═══ Extracted data ═══

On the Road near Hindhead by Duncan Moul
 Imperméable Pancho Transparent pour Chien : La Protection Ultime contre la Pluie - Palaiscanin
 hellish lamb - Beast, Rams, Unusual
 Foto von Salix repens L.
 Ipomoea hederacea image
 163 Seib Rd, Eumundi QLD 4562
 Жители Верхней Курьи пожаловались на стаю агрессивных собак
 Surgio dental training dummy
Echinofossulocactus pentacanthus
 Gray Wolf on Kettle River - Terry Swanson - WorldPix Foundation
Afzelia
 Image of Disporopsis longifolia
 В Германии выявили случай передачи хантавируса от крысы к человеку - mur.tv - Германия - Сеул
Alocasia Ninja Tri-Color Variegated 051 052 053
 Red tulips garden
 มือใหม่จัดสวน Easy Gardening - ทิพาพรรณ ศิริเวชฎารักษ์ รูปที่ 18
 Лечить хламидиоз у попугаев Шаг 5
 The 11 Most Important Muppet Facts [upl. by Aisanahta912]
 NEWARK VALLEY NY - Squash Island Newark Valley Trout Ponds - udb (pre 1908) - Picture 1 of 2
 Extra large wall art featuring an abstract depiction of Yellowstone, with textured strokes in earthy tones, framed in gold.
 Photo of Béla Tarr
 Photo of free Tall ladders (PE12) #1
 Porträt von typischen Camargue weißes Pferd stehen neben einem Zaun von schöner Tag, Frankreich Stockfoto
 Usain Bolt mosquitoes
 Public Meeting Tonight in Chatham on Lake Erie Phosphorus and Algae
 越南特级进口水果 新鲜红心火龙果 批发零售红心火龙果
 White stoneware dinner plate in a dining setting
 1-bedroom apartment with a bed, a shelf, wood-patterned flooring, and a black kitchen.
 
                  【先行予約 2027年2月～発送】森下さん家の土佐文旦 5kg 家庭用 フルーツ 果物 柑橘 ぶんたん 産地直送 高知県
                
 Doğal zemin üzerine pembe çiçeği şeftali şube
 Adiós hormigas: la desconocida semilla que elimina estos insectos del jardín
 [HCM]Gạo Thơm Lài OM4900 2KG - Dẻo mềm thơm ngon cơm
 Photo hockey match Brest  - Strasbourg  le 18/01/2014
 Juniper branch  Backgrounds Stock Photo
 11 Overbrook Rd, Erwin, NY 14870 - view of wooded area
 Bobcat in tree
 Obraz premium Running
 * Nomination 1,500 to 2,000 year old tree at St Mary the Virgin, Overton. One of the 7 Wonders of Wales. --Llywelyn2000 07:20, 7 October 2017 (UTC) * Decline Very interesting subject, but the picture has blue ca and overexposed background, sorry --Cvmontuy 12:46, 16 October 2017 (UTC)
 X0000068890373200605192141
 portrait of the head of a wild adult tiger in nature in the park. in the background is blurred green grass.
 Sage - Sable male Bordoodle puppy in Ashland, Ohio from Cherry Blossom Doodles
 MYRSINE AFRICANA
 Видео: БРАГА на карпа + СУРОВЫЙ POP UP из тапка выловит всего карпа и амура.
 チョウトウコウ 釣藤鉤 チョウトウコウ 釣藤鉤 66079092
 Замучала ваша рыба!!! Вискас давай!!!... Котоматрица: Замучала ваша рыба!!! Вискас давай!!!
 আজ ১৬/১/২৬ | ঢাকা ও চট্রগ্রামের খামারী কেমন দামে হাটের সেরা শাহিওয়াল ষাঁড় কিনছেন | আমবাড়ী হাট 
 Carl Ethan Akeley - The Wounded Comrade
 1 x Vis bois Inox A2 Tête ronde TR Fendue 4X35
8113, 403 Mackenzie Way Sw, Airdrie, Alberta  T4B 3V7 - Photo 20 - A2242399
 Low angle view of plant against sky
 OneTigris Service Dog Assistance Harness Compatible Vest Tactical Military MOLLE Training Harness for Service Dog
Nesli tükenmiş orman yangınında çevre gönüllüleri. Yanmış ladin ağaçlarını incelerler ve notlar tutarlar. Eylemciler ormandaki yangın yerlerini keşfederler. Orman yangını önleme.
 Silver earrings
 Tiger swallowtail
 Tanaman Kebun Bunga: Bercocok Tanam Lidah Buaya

═══

## Exercise brief
Using the data above, print exactly the lines from the line that contains "Photo of Béla Tarr" through the line that contains "チョウトウコウ 釣藤鉤 チョウトウコウ 釣藤鉤 66079092", with both included.

## Output of the task
 Photo of Béla Tarr
 Photo of free Tall ladders (PE12) #1
 Porträt von typischen Camargue weißes Pferd stehen neben einem Zaun von schöner Tag, Frankreich Stockfoto
 Usain Bolt mosquitoes
 Public Meeting Tonight in Chatham on Lake Erie Phosphorus and Algae
 越南特级进口水果 新鲜红心火龙果 批发零售红心火龙果
 White stoneware dinner plate in a dining setting
 1-bedroom apartment with a bed, a shelf, wood-patterned flooring, and a black kitchen.
 
                  【先行予約 2027年2月～発送】森下さん家の土佐文旦 5kg 家庭用 フルーツ 果物 柑橘 ぶんたん 産地直送 高知県
                
 Doğal zemin üzerine pembe çiçeği şeftali şube
 Adiós hormigas: la desconocida semilla que elimina estos insectos del jardín
 [HCM]Gạo Thơm Lài OM4900 2KG - Dẻo mềm thơm ngon cơm
 Photo hockey match Brest  - Strasbourg  le 18/01/2014
 Juniper branch  Backgrounds Stock Photo
 11 Overbrook Rd, Erwin, NY 14870 - view of wooded area
 Bobcat in tree
 Obraz premium Running
 * Nomination 1,500 to 2,000 year old tree at St Mary the Virgin, Overton. One of the 7 Wonders of Wales. --Llywelyn2000 07:20, 7 October 2017 (UTC) * Decline Very interesting subject, but the picture has blue ca and overexposed background, sorry --Cvmontuy 12:46, 16 October 2017 (UTC)
 X0000068890373200605192141
 portrait of the head of a wild adult tiger in nature in the park. in the background is blurred green grass.
 Sage - Sable male Bordoodle puppy in Ashland, Ohio from Cherry Blossom Doodles
 MYRSINE AFRICANA
 Видео: БРАГА на карпа + СУРОВЫЙ POP UP из тапка выловит всего карпа и амура.
 チョウトウコウ 釣藤鉤 チョウトウコウ 釣藤鉤 66079092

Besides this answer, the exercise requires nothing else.